How The ML Pipeline Works

  1. Validate input DNA The API checks sequence length, allowed nucleotide characters, GC/AT extremes, and ambiguous-base ratio before classification.

  2. Convert sequence to 6-mers Each sequence is split into overlapping substrings of length 6. This turns DNA into a text-like representation the model can vectorize.

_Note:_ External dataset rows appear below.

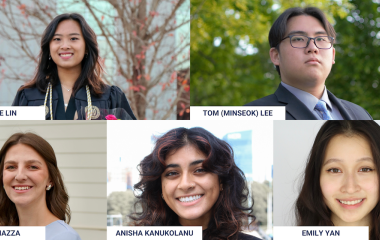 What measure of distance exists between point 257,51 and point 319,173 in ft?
24.2

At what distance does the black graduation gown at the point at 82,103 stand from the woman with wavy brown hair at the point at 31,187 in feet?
0.60

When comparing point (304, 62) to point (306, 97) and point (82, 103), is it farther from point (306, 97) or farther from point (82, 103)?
point (82, 103)

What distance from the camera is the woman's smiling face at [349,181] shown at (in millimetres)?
1824

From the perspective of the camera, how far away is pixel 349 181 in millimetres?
1823

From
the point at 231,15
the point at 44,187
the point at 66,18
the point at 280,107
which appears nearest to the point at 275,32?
the point at 280,107

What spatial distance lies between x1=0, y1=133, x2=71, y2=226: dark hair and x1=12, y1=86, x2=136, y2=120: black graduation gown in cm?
15

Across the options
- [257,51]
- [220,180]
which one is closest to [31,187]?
[220,180]

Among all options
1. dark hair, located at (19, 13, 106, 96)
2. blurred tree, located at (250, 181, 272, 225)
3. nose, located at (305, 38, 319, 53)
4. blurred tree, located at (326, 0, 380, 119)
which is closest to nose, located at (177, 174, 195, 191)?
blurred tree, located at (250, 181, 272, 225)

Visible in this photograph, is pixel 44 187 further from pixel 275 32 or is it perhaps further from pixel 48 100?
pixel 275 32

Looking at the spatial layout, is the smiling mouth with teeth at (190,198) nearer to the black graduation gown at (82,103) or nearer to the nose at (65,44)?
the black graduation gown at (82,103)

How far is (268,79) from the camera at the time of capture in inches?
317

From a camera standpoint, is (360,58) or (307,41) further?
(360,58)

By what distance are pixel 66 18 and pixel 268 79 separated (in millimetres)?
6347

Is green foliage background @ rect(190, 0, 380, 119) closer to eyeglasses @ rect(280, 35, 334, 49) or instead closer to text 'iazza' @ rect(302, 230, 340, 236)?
eyeglasses @ rect(280, 35, 334, 49) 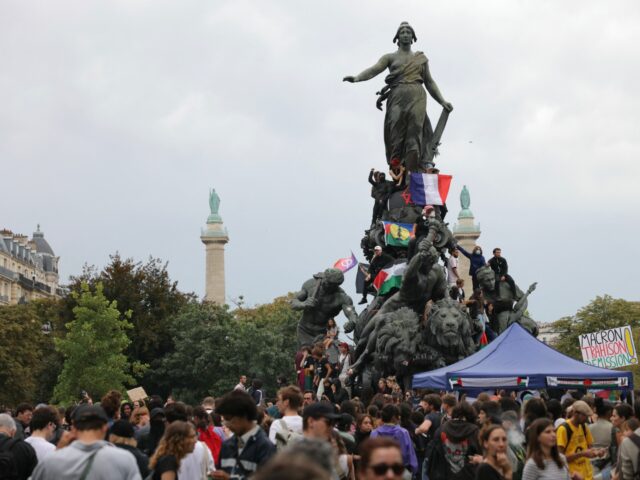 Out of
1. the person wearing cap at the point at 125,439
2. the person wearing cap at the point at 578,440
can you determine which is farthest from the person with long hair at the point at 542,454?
the person wearing cap at the point at 125,439

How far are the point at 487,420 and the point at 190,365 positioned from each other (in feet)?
170

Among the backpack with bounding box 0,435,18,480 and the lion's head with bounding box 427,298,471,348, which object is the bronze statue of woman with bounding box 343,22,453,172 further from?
the backpack with bounding box 0,435,18,480

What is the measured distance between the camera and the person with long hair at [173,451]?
9023 millimetres

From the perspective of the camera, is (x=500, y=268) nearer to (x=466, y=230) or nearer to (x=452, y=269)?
(x=452, y=269)

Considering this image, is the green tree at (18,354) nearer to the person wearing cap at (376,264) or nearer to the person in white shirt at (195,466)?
the person wearing cap at (376,264)

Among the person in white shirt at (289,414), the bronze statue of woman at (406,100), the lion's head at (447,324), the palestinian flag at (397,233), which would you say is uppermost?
the bronze statue of woman at (406,100)

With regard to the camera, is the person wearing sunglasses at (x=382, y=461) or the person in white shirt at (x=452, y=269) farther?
the person in white shirt at (x=452, y=269)

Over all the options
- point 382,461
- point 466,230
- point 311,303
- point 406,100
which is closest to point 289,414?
point 382,461

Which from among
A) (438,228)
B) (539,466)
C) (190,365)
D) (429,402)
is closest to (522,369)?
(429,402)

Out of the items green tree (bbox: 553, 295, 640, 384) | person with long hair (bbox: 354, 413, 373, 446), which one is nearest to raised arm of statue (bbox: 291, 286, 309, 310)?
person with long hair (bbox: 354, 413, 373, 446)

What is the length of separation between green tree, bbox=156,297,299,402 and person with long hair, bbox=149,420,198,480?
51.4 meters

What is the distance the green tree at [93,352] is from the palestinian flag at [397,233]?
24.3 meters

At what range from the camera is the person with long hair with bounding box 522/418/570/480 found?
9266 millimetres

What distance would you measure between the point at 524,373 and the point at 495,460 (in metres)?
10.5
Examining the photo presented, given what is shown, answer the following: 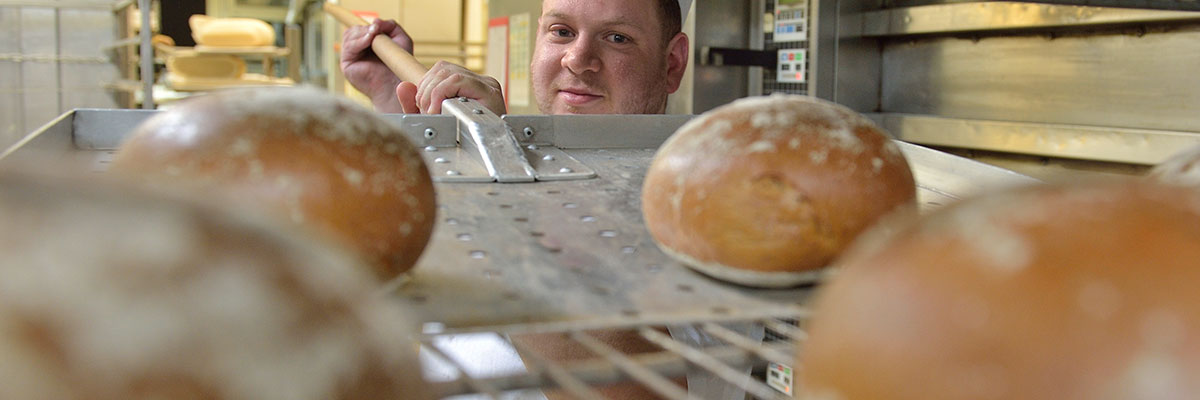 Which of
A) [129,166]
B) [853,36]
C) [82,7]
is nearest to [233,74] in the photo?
[82,7]

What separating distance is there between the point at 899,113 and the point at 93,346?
8.76 ft

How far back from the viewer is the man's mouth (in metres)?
2.51

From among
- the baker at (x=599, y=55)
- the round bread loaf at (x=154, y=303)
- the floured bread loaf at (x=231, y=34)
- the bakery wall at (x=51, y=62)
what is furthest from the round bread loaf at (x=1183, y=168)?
the floured bread loaf at (x=231, y=34)

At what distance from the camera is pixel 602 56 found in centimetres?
253

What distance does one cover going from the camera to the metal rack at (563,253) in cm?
67

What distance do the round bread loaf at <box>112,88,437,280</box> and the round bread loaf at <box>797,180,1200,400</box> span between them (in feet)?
1.48

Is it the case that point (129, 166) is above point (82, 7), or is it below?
below

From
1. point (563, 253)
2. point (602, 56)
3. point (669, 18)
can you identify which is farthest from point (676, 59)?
point (563, 253)

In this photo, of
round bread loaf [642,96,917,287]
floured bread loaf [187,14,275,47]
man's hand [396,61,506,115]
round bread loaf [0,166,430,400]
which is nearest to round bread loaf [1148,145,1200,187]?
round bread loaf [642,96,917,287]

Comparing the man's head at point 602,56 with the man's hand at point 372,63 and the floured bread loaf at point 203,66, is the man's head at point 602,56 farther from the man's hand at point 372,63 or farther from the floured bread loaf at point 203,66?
the floured bread loaf at point 203,66

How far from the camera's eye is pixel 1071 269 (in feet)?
1.34

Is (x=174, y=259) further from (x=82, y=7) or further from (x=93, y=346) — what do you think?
(x=82, y=7)

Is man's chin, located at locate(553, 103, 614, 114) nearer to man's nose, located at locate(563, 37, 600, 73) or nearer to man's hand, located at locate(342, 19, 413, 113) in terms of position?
man's nose, located at locate(563, 37, 600, 73)

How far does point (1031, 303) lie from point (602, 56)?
217 cm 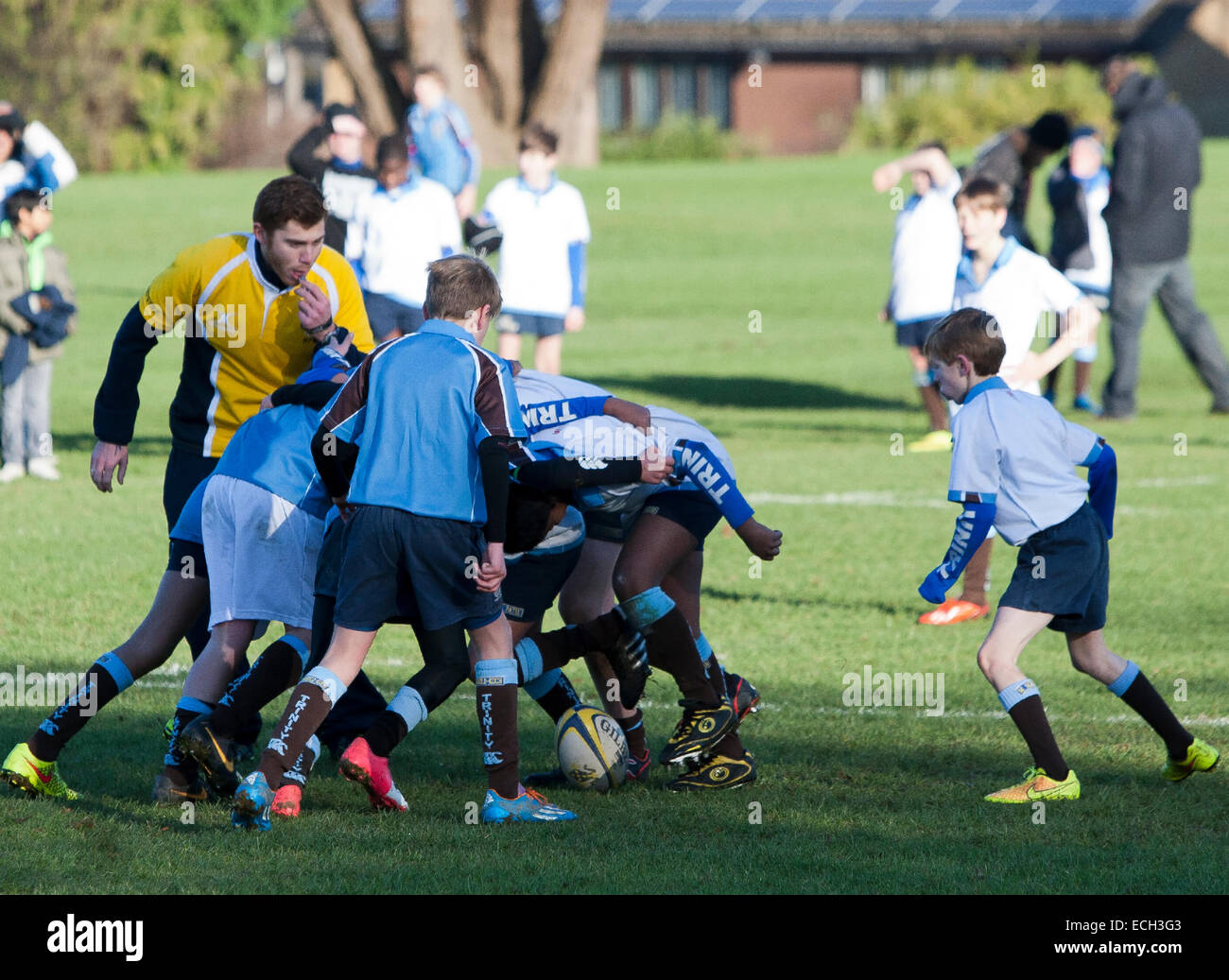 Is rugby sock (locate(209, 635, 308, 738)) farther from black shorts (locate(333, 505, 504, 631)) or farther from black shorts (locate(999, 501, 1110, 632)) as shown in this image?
black shorts (locate(999, 501, 1110, 632))

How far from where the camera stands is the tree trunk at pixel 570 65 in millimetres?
35625

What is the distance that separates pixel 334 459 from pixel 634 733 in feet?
5.33

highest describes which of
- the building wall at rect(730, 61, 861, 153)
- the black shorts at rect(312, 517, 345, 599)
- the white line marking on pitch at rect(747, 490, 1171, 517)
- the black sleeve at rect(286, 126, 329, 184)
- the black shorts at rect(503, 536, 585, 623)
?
the building wall at rect(730, 61, 861, 153)

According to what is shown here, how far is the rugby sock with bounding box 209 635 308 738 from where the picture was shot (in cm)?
541

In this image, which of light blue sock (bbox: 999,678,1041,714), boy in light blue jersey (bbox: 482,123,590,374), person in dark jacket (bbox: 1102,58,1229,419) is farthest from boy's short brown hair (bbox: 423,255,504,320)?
person in dark jacket (bbox: 1102,58,1229,419)

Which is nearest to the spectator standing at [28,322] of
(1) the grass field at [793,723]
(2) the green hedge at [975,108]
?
(1) the grass field at [793,723]

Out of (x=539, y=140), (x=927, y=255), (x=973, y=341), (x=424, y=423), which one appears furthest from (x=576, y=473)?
(x=539, y=140)

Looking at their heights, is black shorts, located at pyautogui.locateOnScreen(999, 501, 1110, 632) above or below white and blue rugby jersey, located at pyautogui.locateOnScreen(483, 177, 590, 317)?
below

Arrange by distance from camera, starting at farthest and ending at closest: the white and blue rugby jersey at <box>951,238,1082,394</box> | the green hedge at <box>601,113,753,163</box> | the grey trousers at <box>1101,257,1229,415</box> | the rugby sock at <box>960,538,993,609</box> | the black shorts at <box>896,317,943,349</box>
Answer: the green hedge at <box>601,113,753,163</box> → the grey trousers at <box>1101,257,1229,415</box> → the black shorts at <box>896,317,943,349</box> → the rugby sock at <box>960,538,993,609</box> → the white and blue rugby jersey at <box>951,238,1082,394</box>

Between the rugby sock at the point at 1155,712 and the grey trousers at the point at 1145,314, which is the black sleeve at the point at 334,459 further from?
the grey trousers at the point at 1145,314

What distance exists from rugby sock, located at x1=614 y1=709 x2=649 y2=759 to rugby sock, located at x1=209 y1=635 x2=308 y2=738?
124cm

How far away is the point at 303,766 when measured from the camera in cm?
532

  3. Vectorize and classify The saved vectorizer converts 6-mers into numeric features, then a saved SVM or RandomForest predicts Virus or Host.

  4. Estimate confidence Confidence is derived from model probabilities plus prediction margin and entropy. The frontend shows that confidence directly.

  5. Apply novelty heuristic If novelty mode is enabled, BAIO computes ood_score = 1 - confidence. This is a heuristic flag, not a full open-set model such as Mahalanobis distance or energy-based OOD detection.

  6. Generate a human-readable explanation The API adds GC content, organism-name pattern matching, and a short explanation string for the UI.


Evo 2 Integration (Optional)

BAIO supports Evo 2 - a state-of-the-art DNA language model from Arc Institute for higher accuracy classification.

Requirements

Component Requirement
GPU NVIDIA GPU with 16GB+ VRAM (7B) or 80GB+ (40B)
CUDA 12.0+
Memory 32GB+ RAM recommended

Hardware Recommendations

Model Size VRAM Use Case
7B 16GB Single GPU, good accuracy
40B 80GB Maximum accuracy, multi-GPU

Enable Evo 2

To use Evo 2 embeddings instead of k-mer features:

  1. Install dependencies:

    pip install transformers torch
  2. Check requirements:

    python binary_classifiers/evo2_embedder.py
  3. Update frontend settings - Select "Evo 2" model type in the configuration panel

How Evo 2 Works

  1. DNA Tokenization: Converts DNA sequences into tokens
  2. Transformer Processing: Uses StripedHyena 2 architecture
  3. Contextual Embeddings: Generates 4096-dimensional embeddings
  4. Classification: Uses embeddings for Virus/Host classification

Performance Comparison

Method Accuracy Speed GPU Required
K-mer + RandomForest ~85% Fast No
Evo 2 7B + Classifier ~95% Medium Yes (16GB)
Evo 2 40B + Classifier ~98% Slow Yes (80GB)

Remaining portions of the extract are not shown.